* [Action item]
Repeat the records exactly, minus the pictures.

* [Caption-style text data]
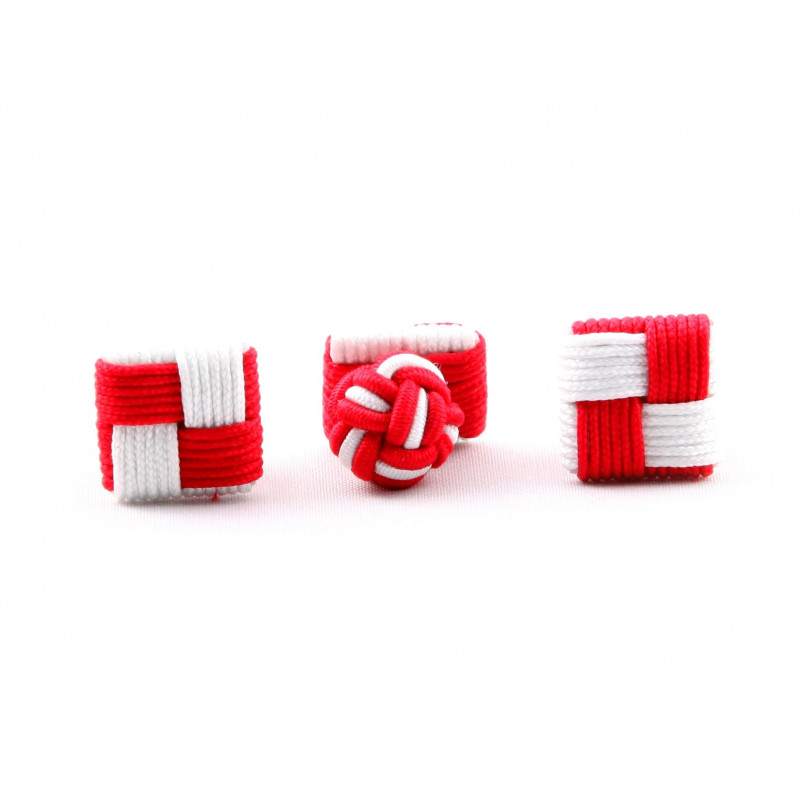 Carré rouge et blanc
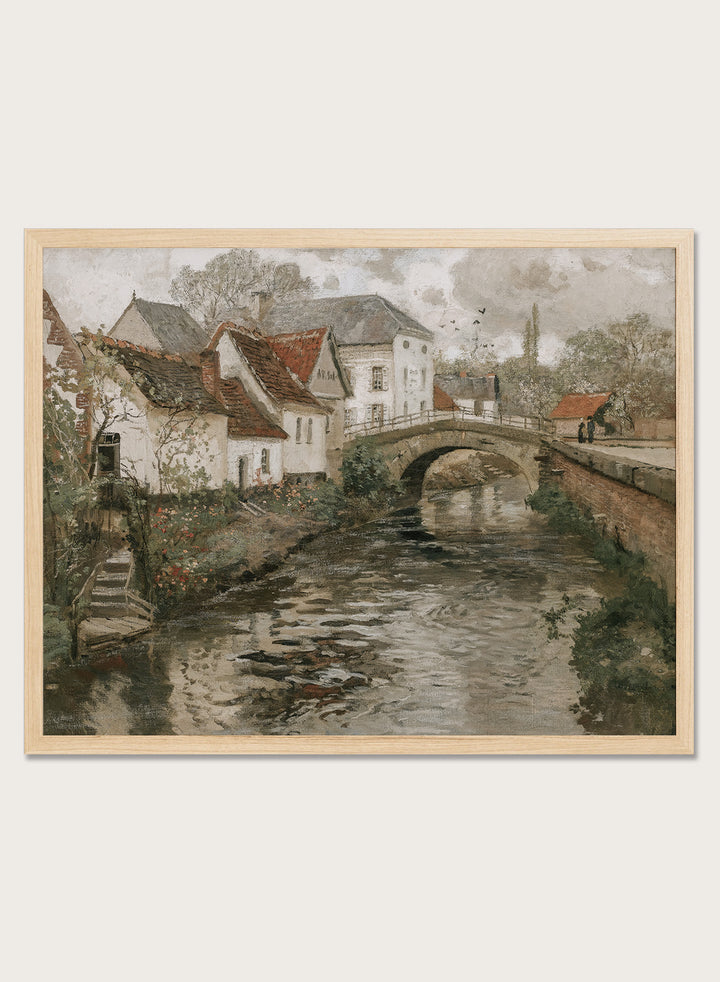 "Small Town Near La Panne, Belgium" Art Print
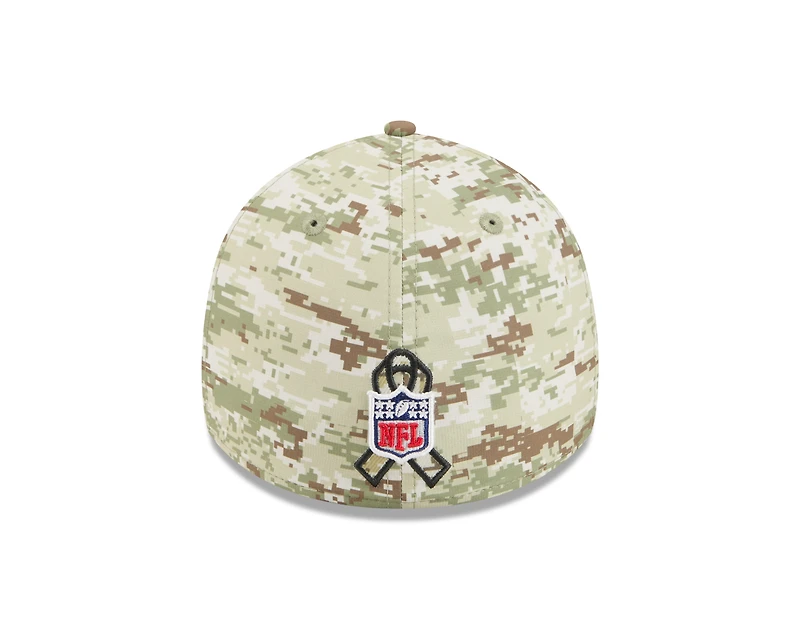 Detroit Lions Green Digi Camo 2025 NFL Salute to Service Collection New Era 39THIRTY Flex Hat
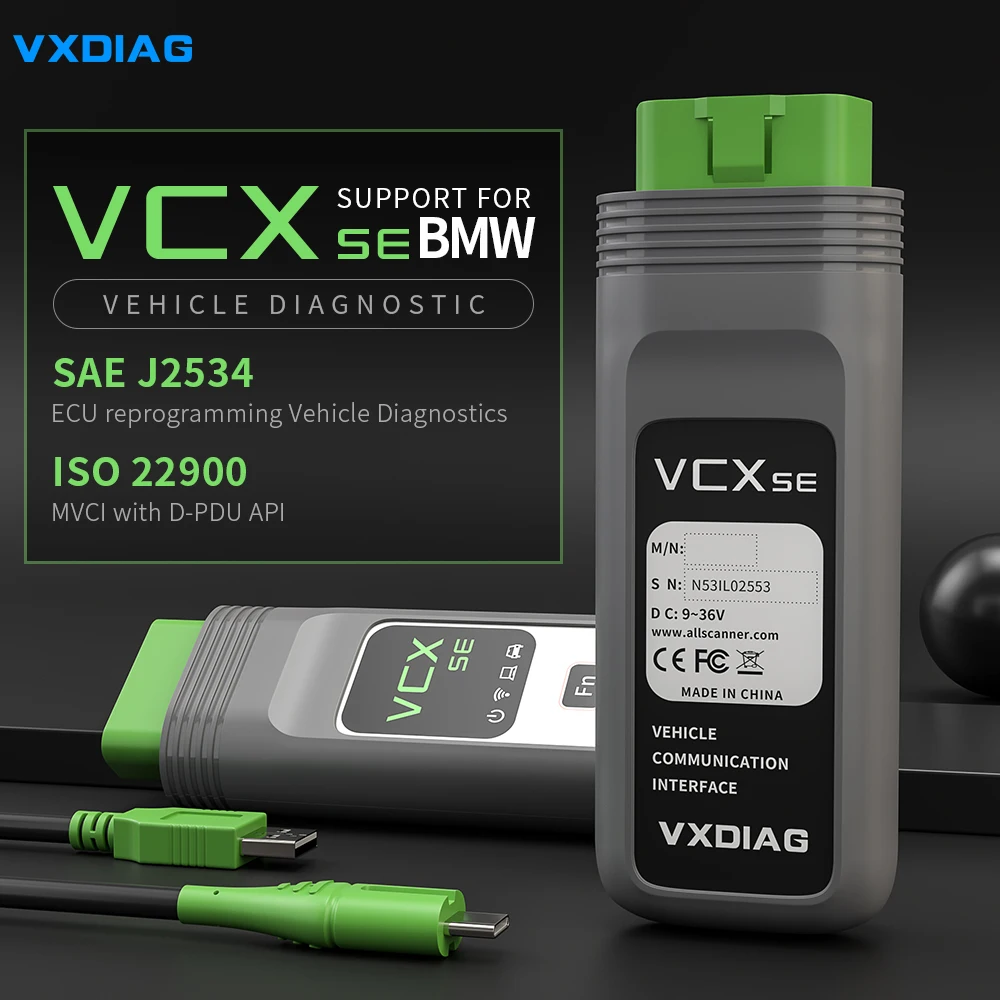 Оригинальный диагностический сканер VXDIAG для BMW прибор диагностики автомобиля VCX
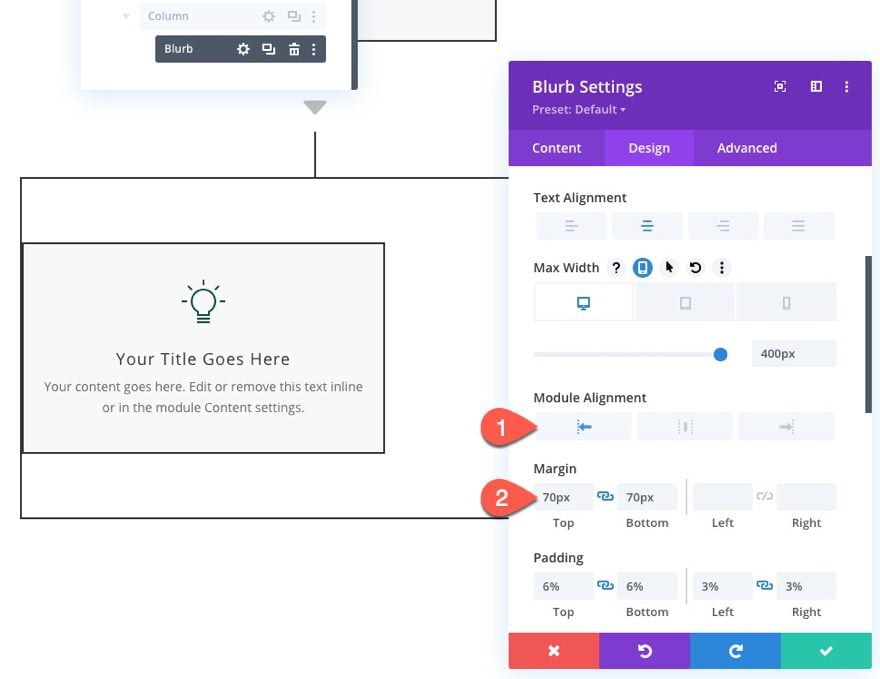 divi flow chart layout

* [Solved problem]
 Carré rouge et blanc
 "Small Town Near La Panne, Belgium" Art Print
 Detroit Lions Green Digi Camo 2025 NFL Salute to Service Collection New Era 39THIRTY Flex Hat
 Оригинальный диагностический сканер VXDIAG для BMW прибор диагностики автомобиля VCX
 divi flow chart layout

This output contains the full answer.